**What this task involves**
Exact copy, no pictures: return all the data below as written.
(Dataset content Opens)
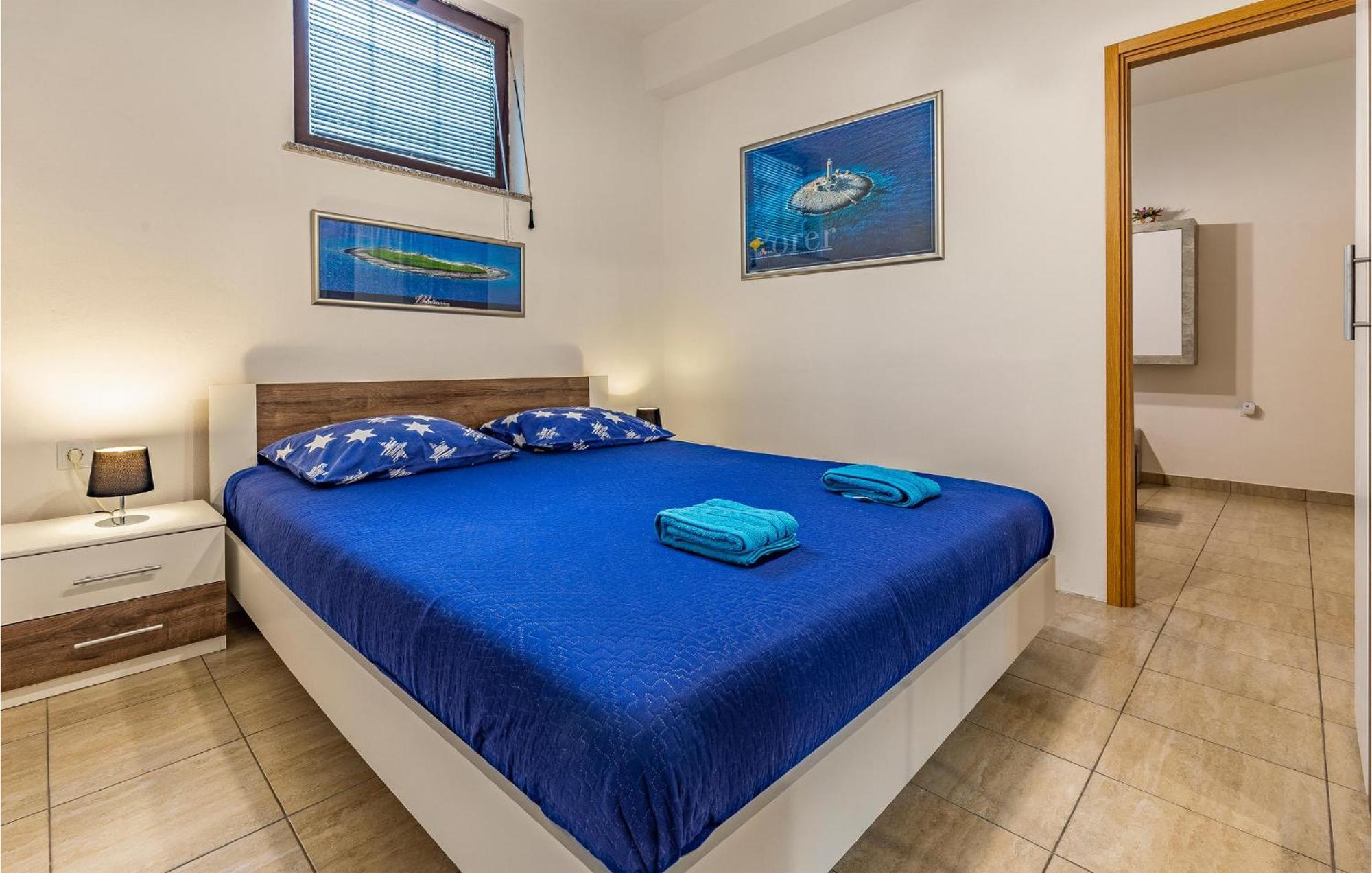 Amazing Apartment In Pula With Kitchen Ngoại thất bức ảnh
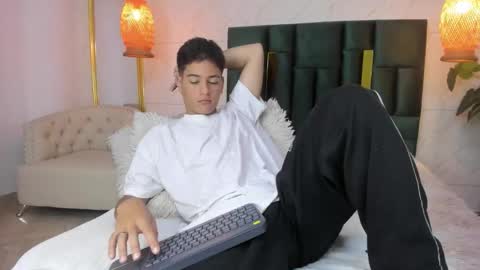 Snapshot of levy_steve chatting on 11-14-25, 05:17 LevySteven online show from 11-14-25, 05:17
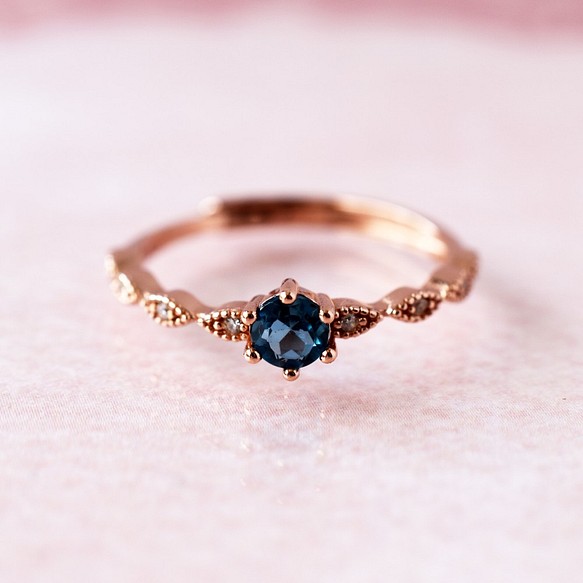ロンドンブルートパーズ指輪、リング：11月の誕生石：青色：大人可愛い、きれいめ：ピンクゴールド：Creema限定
(Dataset content Closes)
**Response below**
 Amazing Apartment In Pula With Kitchen Ngoại thất bức ảnh
 Snapshot of levy_steve chatting on 11-14-25, 05:17 LevySteven online show from 11-14-25, 05:17
ロンドンブルートパーズ指輪、リング：11月の誕生石：青色：大人可愛い、きれいめ：ピンクゴールド：Creema限定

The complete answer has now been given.